::: Data for this exercise
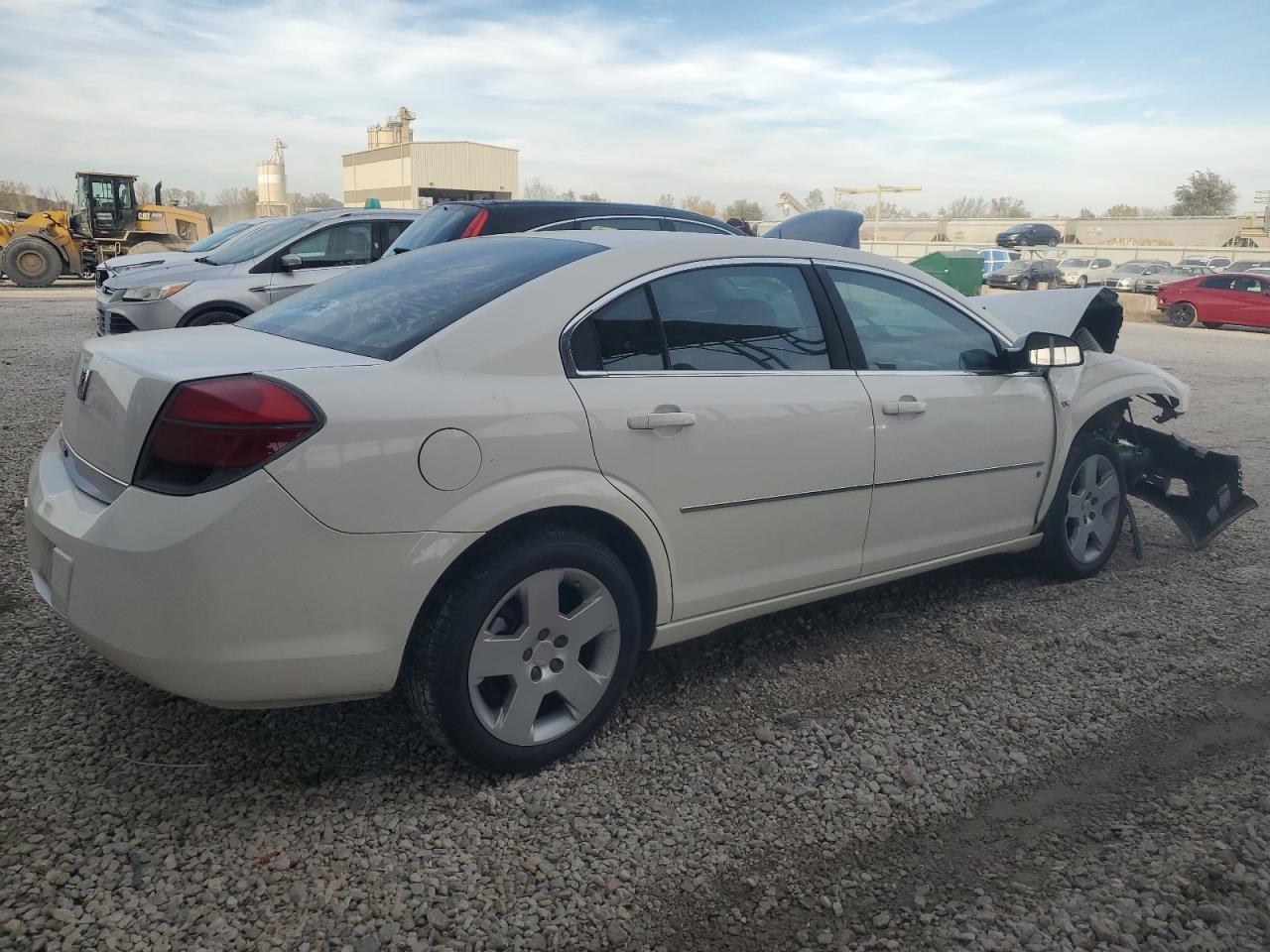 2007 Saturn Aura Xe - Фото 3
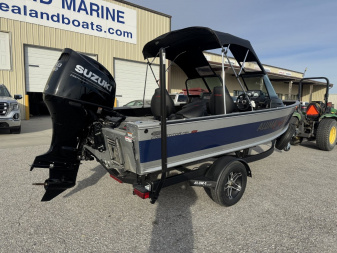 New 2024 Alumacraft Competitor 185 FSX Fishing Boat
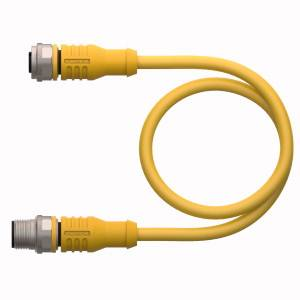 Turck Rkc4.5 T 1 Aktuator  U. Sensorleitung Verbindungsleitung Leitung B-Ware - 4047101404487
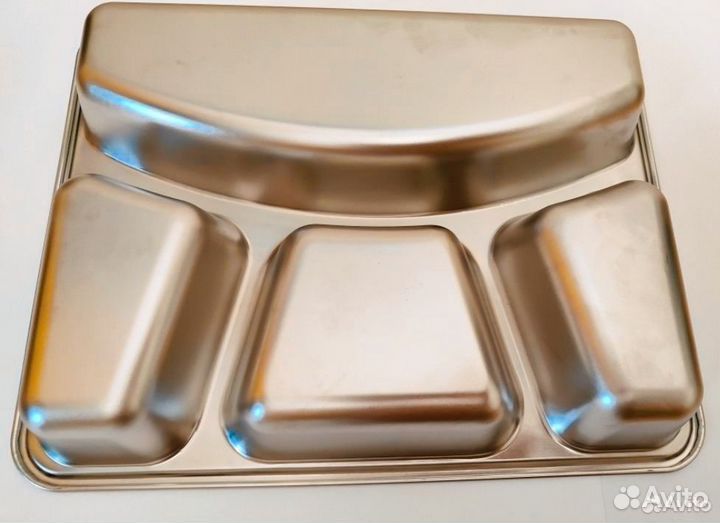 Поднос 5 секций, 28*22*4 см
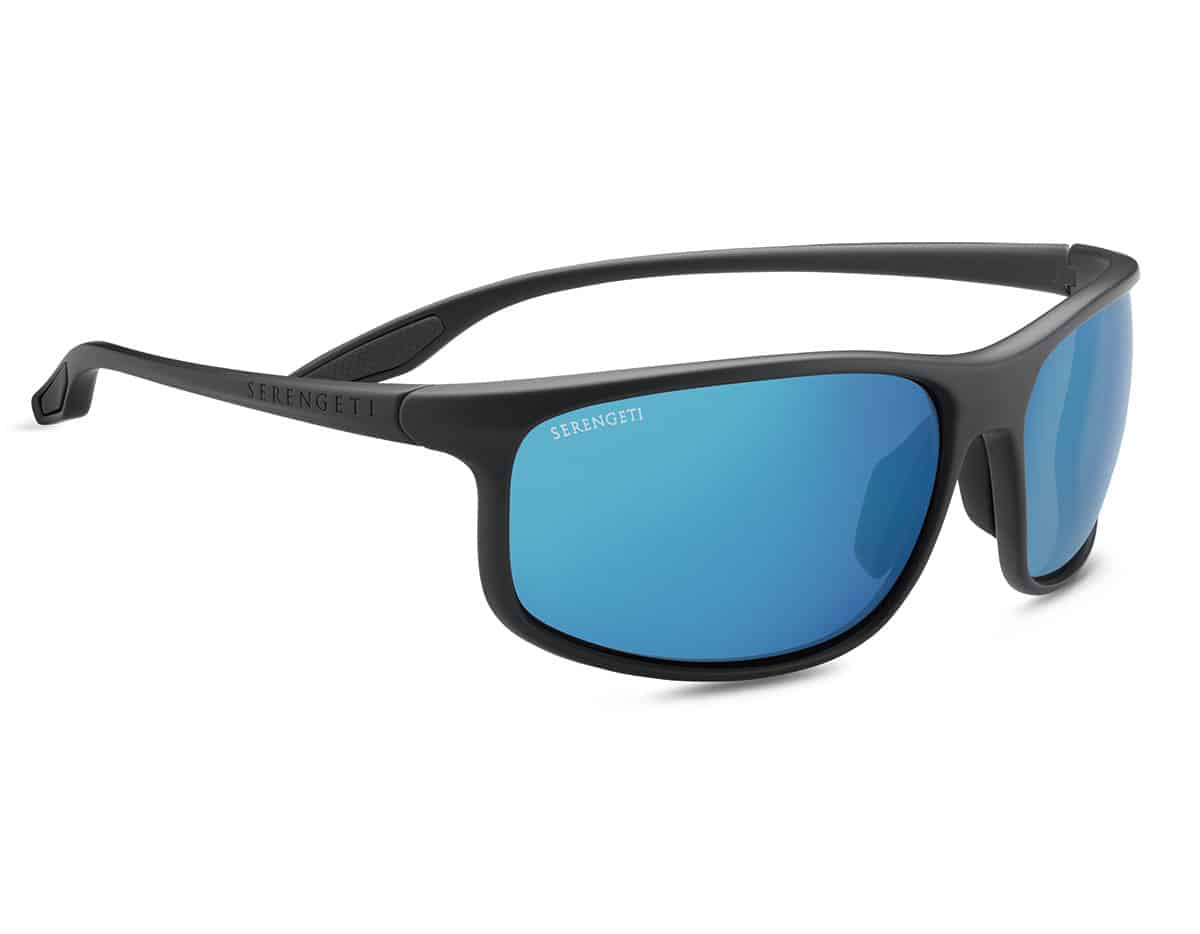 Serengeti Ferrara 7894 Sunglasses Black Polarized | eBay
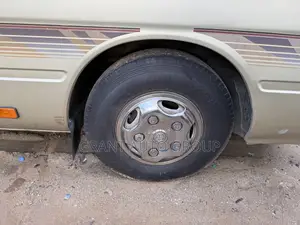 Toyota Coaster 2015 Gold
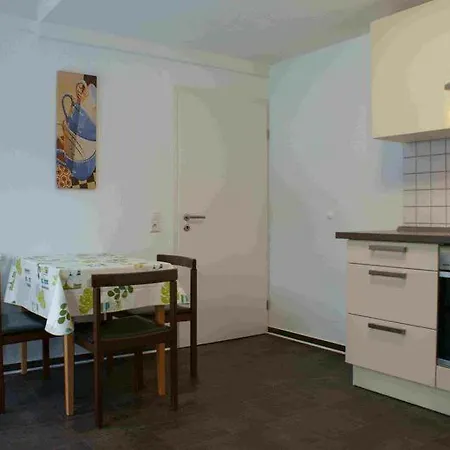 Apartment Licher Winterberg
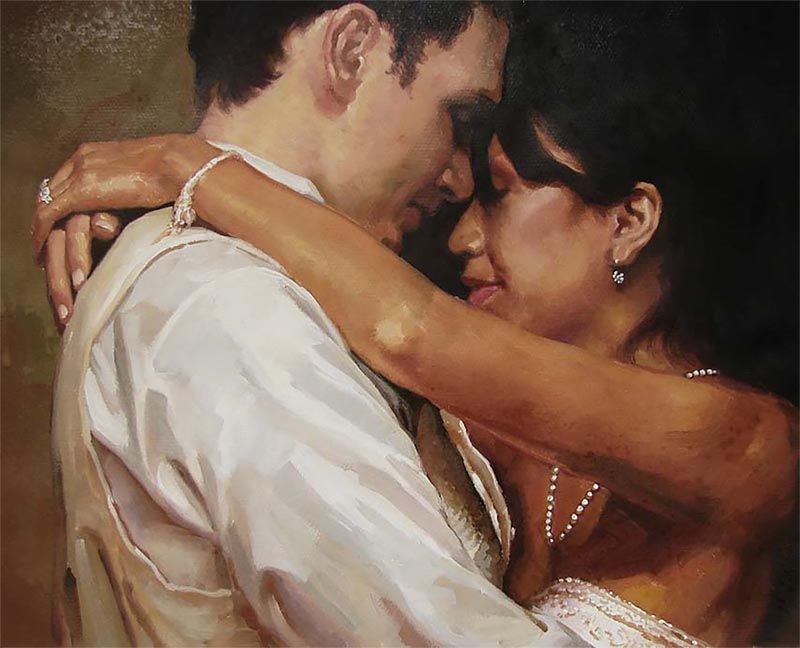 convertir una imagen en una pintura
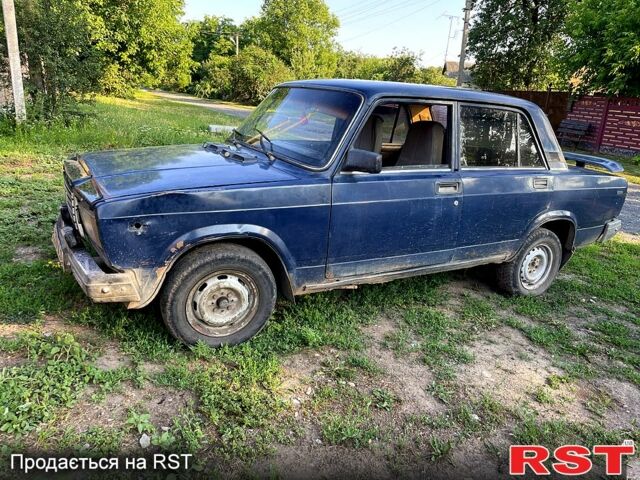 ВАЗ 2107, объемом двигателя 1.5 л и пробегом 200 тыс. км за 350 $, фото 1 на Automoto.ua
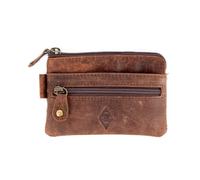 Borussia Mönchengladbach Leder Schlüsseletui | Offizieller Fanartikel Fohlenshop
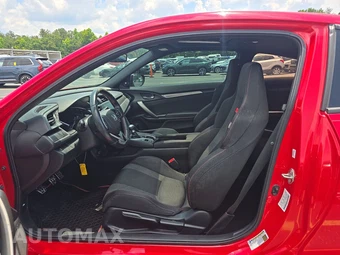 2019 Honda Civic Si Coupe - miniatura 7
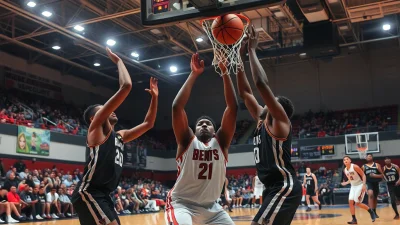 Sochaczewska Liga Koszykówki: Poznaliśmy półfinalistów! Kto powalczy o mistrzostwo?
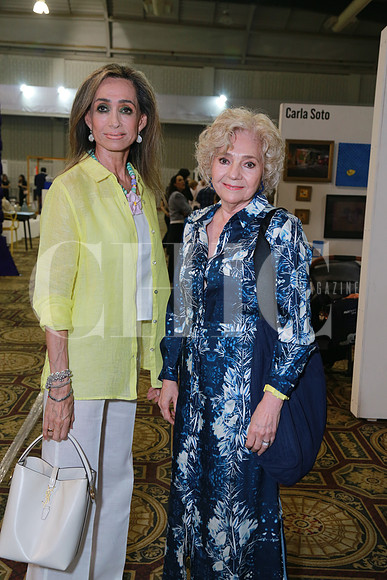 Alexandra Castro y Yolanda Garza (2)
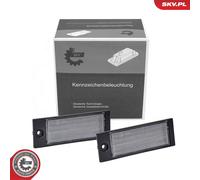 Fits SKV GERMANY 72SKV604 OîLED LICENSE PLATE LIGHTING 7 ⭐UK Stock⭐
::::::
_About this exercise_: Copy exactly the lines from the line containing "Toyota Coaster 2015 Gold" through the last line of the records, both included, and omit every picture.

_Answer space_:
 Toyota Coaster 2015 Gold
 Apartment Licher Winterberg
 convertir una imagen en una pintura
 ВАЗ 2107, объемом двигателя 1.5 л и пробегом 200 тыс. км за 350 $, фото 1 на Automoto.ua
 Borussia Mönchengladbach Leder Schlüsseletui | Offizieller Fanartikel Fohlenshop
 2019 Honda Civic Si Coupe - miniatura 7
 Sochaczewska Liga Koszykówki: Poznaliśmy półfinalistów! Kto powalczy o mistrzostwo?
 Alexandra Castro y Yolanda Garza (2)
 Fits SKV GERMANY 72SKV604 OîLED LICENSE PLATE LIGHTING 7 ⭐UK Stock⭐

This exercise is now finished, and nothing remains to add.